Bill to rework Washington’s single-family zoning advances ahead of deadline

Feb 1, 2022, 12:40 PM | Updated: Feb 2, 2022, 5:09 am

Tacoma single family zoning...

Tacoma's Hilltop neighborhood. (Jacob Rose, Wikimedia Commons)

(Jacob Rose, Wikimedia Commons)

A bill that could alter single-family zoning requirements in Washington’s large cities was passed out of committee on Tuesday, beating the deadline to advance this session by just two days.

Economist: Gov.
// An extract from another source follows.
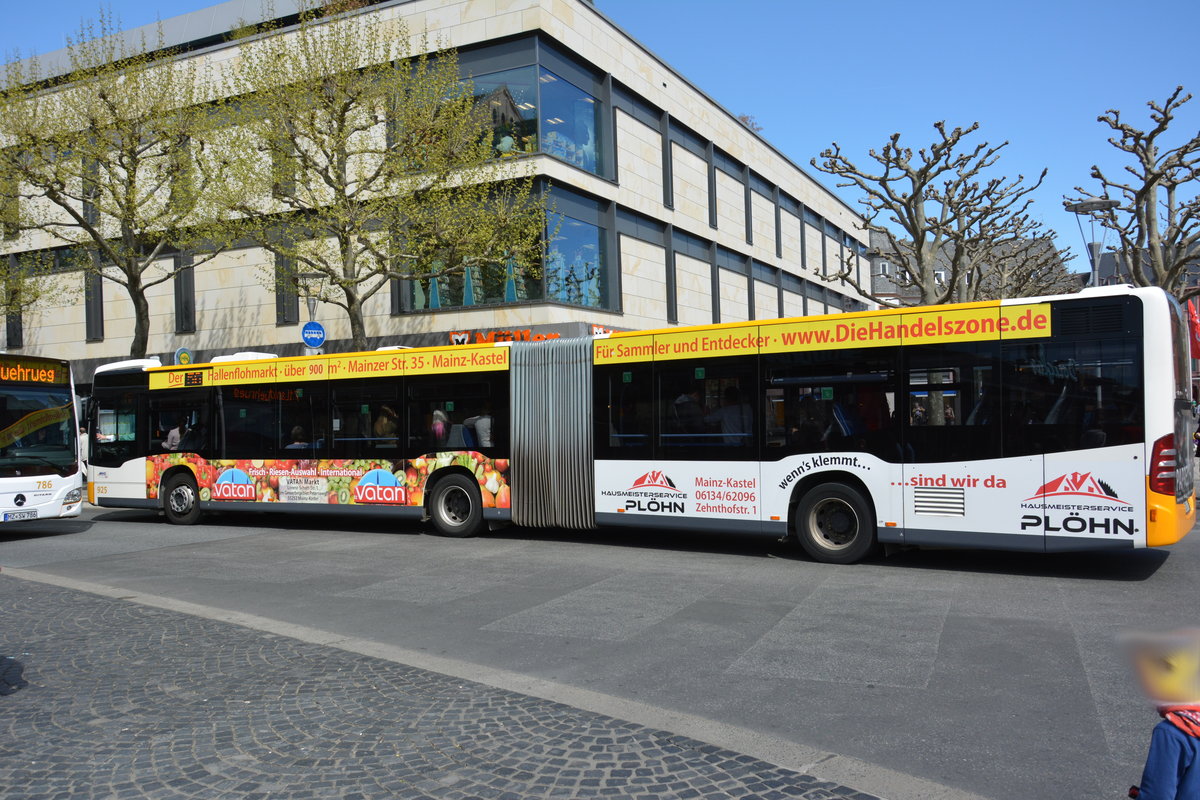 Am 21.04.2016 fährt MZ-SW 925 auf der Linie 56 durch Mainz. Aufgenommen wurde ein Mercedes Benz Citaro II G / Innenstadt Mainz.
Inslee’s proposal to rework single-family zoning ‘a good start’

In practice, HB 1782 would allow townhomes, duplexes, triplexes, and quadplexes, and more — known more colloquially as “middle housing” — in areas within a half mile of transit stops in cities with populations over 20,000, affecting just over 70 cities in Washington.

In many ways, it echoes a recently-passed bill passed in Tacoma, which recategorized the city’s zoning classifications to allow for more middle housing options in areas near transit hubs that had traditionally been set aside exclusively for single-family homes.
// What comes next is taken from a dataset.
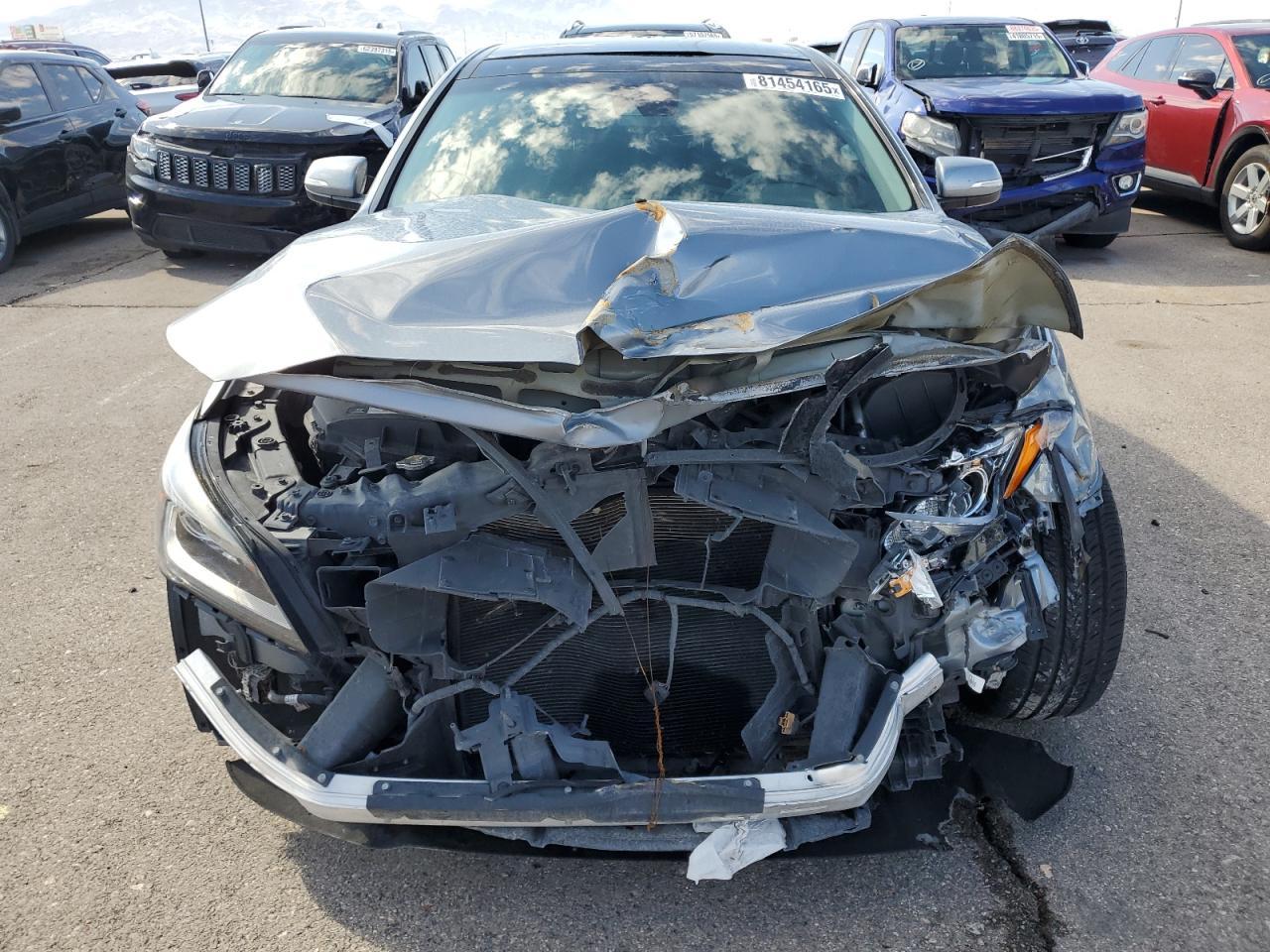 2015 Hyundai Genesis 3.8L - Фото 5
A handful of amendments were added to HB 1782, which could potentially reduce the scale and effect it would have if it’s ultimately approved by the Legislature in its current form. That includes a substitute amendment which would allow cities to extend implementation timelines, as well as scaling the requirement that would have permitted sixplexes within a half-mile of transit stops to instead be limited to fourplexes, and opening up an exemption for cities that don’t provide assurances of transit frequency in upzoned areas.

State Rep. Jessica Bateman acknowledged, shortly after the bill was passed out of committee, that the legislation in its amended form “is not perfect,” while also lauding its passage as “a significant” step in the right direction.
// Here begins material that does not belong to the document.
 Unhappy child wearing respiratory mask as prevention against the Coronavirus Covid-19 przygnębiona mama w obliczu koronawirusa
How to ‘sympathetically’ upzone Seattle’s single-family neighborhoods

Housing density advocates scored a second legislative victory Tuesday after a separate bill seeking to sunset local community councils was also advanced out of committee.

Washington has two such community councils — one in Kirkland, and the other in East Bellevue. Today, these councils hold very little power in most facets of local government, but are criticized by housing advocates as barriers to denser zoning.

“Community councils exist only to veto certain zoning or land use decisions of their city councils,” King County Councilmember Claudia Balducci said in a recent Facebook post. “That’s all they can legally do. They are fundamentally exclusionary.”

HB 1769 would amend existing state laws to phase them out entirely, and was approved by the House’s Local Government committee without any amendments.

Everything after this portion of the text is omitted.